The Philip Wayre Upland Trust, formerly known as the Philip Wayre Wildlife Trust, was founded in 1994 by the well-known naturalist and conservationist Philip Wayre, also the founder of the Otter Trust which successfully completed the otter reintroduction programme in the rivers of eastern and central England.

Philip Wayre Upland Trust

Aims

  • Conservation
  • Upland Management
  • Education
  • Research
Black Grouse

About The Trust

The Philip Wayre Upland Trust is a conservation charity dedicated to protecting and restoring unique upland habitat and its endangered wildlife such as Black Grouse and Breeding Waders for the benefit of future generations. The trust was set up in 1994 by naturalist and conservationist Philip Wayre. His vision was to restore the upland landscape and its endangered species and to inspire the general public to protect and care for the unique uplands in the future, and to raise public awareness of the value of conservation by education and promotion of research and scientific study of the upland ecology.

Improving the diversity of the habitat, encouraging the wildlife and safeguarding the carbon store benefits the local population as well as being a knowledge resource for local schools and interested groups.
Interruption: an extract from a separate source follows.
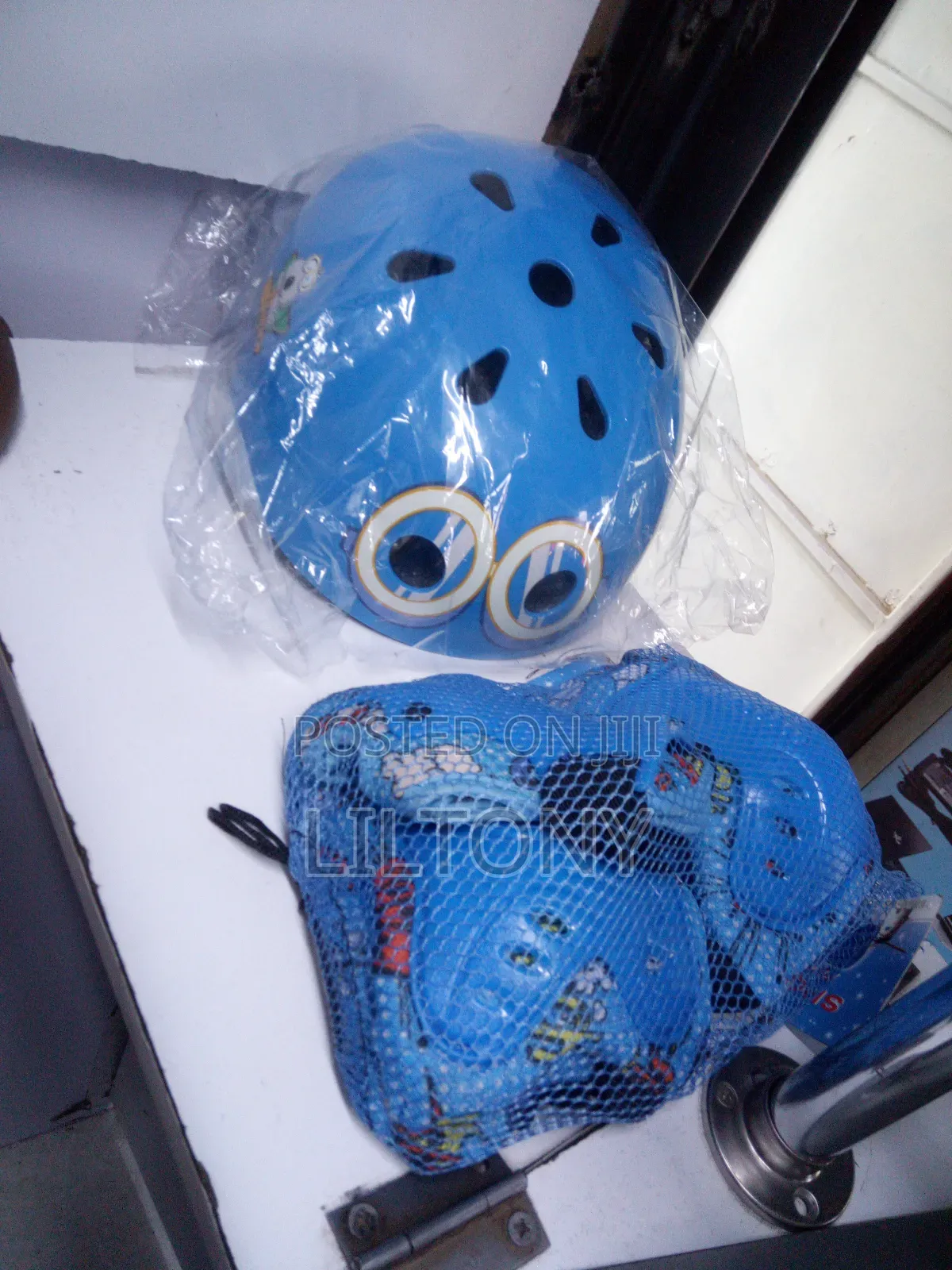 7 in 1 High Quality Kids Skating Gear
Scientific groups also benefit from the Trust's activities with access to both sites, and to the Trusts own reports, to carry out studies relative to the improvement of upland areas and wildlife.
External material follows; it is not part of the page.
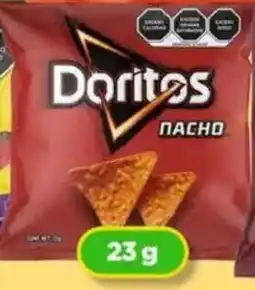 Bodega Aurrerá Doritos Nacho oferta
The Trust has five volunteer trustees and is fortunate to have dedicated wardens on both sites. Their knowledge and experience is invaluable. Both sites are isolated areas of moorland where access is not straightforward. However the Trust is keen for members of the public to learn about and enjoy the amazing variety of wildlife and habitat on Lintzgarth and Thornhope. To facilitate this the wardens can be contacted and guided visits arranged.

Philip Wayre

About Philip Wayre

Philip Wayre (1926-2014) was interested in wildlife from a boy when he would study rats under the joists at his prep school to watching and photographing the geese on the mudflats of East Anglia as soon as he was old enough to drive.